Designing a Simple Metrics Collection Service
Architecture for a lightweight metrics ingestion pipeline using a buffer, batch writes, and pre-aggregated rollups on Postgres.
Context
I needed to collect application metrics (request counts, latency percentiles, error rates) without depending on Datadog or similar services. The system had to ingest metrics from 20 application instances, store them efficiently, and support queries for dashboards and alerting. Total budget for the metrics infrastructure: $0 beyond existing Postgres.
Problem
Writing individual metric data points to a relational database at high frequency is a known anti-pattern. The write volume overwhelms the database, and querying raw data points for time-series visualization is slow. The solution requires buffering, batching, and pre-aggregation.
Constraints
- Ingestion rate: ~5,000 metric data points per second across all application instances
- Retention: raw data for 24 hours, 1-minute rollups for 30 days, 1-hour rollups for 1 year
- Query latency for dashboard: under 500ms for a 24-hour window
- Storage: Postgres (no TimescaleDB extension available on Neon)

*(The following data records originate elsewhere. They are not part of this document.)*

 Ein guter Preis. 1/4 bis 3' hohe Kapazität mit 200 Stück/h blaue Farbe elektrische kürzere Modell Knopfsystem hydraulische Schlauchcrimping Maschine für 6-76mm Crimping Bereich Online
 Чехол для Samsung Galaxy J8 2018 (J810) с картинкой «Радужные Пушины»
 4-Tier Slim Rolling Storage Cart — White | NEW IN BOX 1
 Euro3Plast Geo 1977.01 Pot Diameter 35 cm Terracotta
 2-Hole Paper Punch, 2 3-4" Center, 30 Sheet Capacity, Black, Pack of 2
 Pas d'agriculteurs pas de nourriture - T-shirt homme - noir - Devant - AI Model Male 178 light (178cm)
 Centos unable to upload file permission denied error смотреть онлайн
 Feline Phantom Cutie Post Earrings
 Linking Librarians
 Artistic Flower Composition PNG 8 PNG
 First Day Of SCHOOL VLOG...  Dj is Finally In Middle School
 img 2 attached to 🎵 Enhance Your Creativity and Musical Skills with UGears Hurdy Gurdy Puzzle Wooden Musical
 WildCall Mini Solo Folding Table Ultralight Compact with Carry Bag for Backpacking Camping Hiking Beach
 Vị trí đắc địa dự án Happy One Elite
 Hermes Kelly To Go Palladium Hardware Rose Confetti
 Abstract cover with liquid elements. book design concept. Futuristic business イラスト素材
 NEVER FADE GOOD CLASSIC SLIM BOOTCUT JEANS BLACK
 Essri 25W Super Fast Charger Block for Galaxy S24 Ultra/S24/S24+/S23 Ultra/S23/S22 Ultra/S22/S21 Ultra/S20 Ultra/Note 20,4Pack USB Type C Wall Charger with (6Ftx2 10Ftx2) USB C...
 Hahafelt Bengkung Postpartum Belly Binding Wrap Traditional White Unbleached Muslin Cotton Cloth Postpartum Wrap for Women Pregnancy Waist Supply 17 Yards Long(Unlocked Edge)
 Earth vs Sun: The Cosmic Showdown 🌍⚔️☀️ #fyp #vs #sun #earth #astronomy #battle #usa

- No additional services (no Kafka, no Redis, no InfluxDB)
- Metric types: counters, gauges, histograms (approximated via percentiles)
See also: Building a View Counter System With Postgres.
Design
Data Model
CREATE TABLE metrics_raw (
id BIGSERIAL,
metric_name TEXT NOT NULL,
tags JSONB NOT NULL DEFAULT '{}',
value DOUBLE PRECISION NOT NULL,
recorded_at TIMESTAMPTZ NOT NULL DEFAULT now()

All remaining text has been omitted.